Technically Incorrect offers a slightly twisted take on the tech that's taken over our lives.
I'm a little confused as to how Apple isn't happy with Walter Isaacson's -- authorized -- biography of Steve Jobs and is instead putting its deep faith behind a new work, "Becoming Steve Jobs," written by Brent Schlender and Rick Tetzeli.
But I'm used to confusion.
I'm less used to those at the very peak of tech offering unabashed admiration for each other. In recent years, though, Bill Gates has revealed more and more of his respect for Steve Jobs.
Three years ago, Gates admitted that Jobs. In "Becoming Steve Jobs," however, the Microsoft co-founder says he admired how Jobs presented every new Apple creation.
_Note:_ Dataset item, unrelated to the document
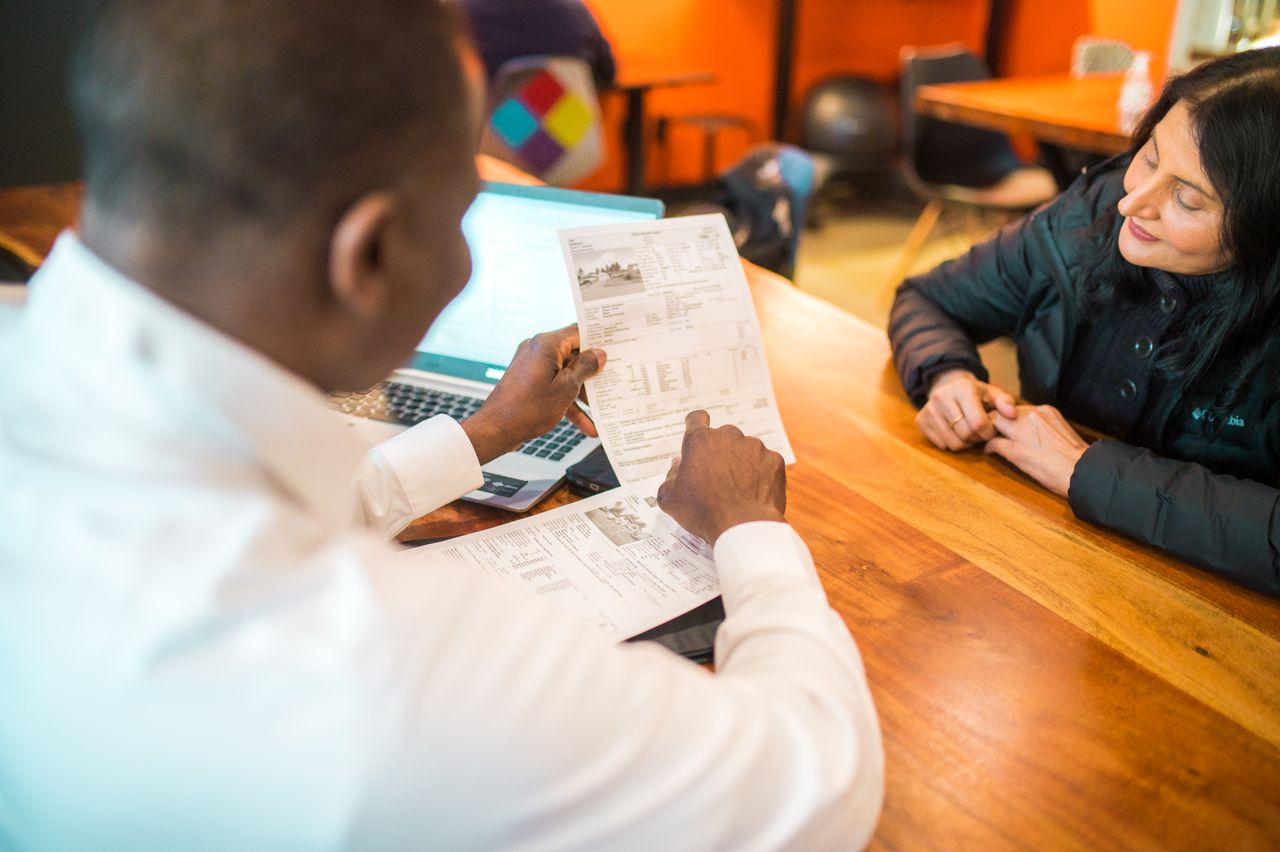 Two adults discussing documents in a bookkeeping setting indoors.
As Venture Beat reports, Gates said in the book: "I was never in his [Jobs'] league."
He went on to explain that it was Jobs' preparation -- and his turning that preparation into perfect performance -- that astounded him.
Gates said: "I mean, his whole thing of knowing exactly what he's going to say, but up on stage saying it in such a way that he is trying to make you think he's thinking it up right then."
It's called acting, Bill.
Gates spoke of how very single detail of each presentation was precisely choreographed, of how Jobs would become angry if any one of his underlings committed a faux pas. Once the show started, though, the fanpersons in the audience stared goggle-eyed (and un-Google Glassed, of course).
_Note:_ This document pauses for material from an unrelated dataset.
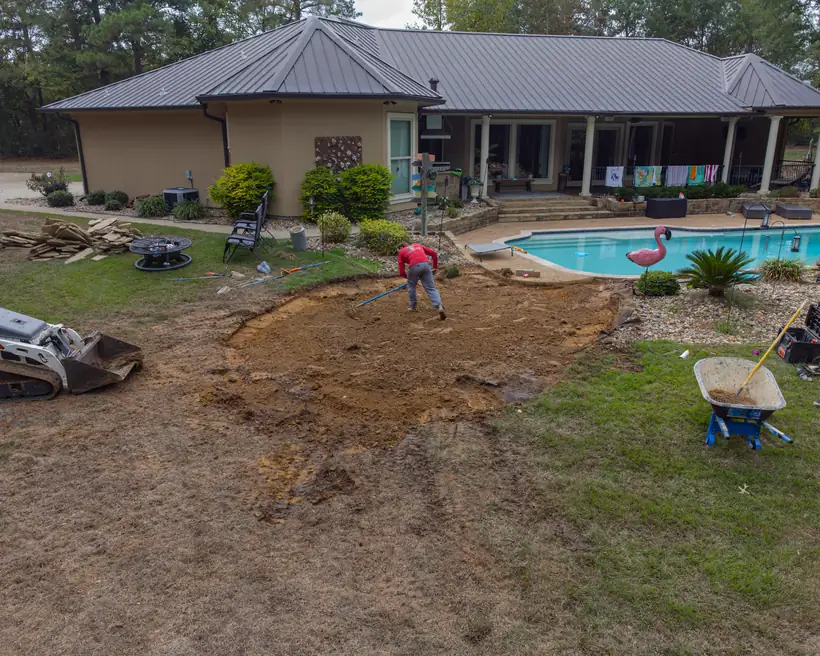 Aerial view of the patio being dug out beside the pool, Hallsville, TX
Would Microsoft have been different if Gates had been a wonderful salesman? Would he have made more people fall in love with his company, rather than feel, as some did, that they were enslaved by its tentacles?
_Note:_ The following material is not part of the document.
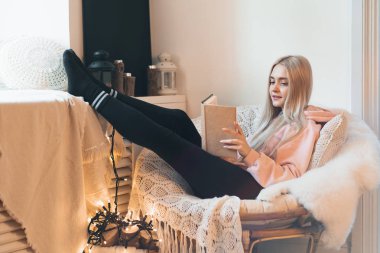 Genç kadın evde rahat bir yuvarlak Koltuk pencerenin yanında, tüyler ürpertici. Rahatlatıcı, okuma ve kitap çatı oturma odasında rüya kız. Kitap olağanüstü dünya hayal.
If he had been a great presenter, someone who knew how to touch people at the emotional level, would Gates have created vastly different products, as much geared to enthrall as to be productive? It's a tantalizing thought.
The book, though, doesn't dwell merely on Gates' admiration of Jobs. Gates also offers the changeable, volatile Jobs, the one who seemed overconfident one moment and full of doubt the next. In the real world, we call that "human."
Still, no book, whether authorized or even superauthorized will ultimately capture the full truth. Books have to create a narrative order.
Human lives, however, are chaotic, self-contradictory and open to the vicissitudes of fate. No work of art can ultimately describe all of that as it really happened.
We are all, to some extent, a closed book.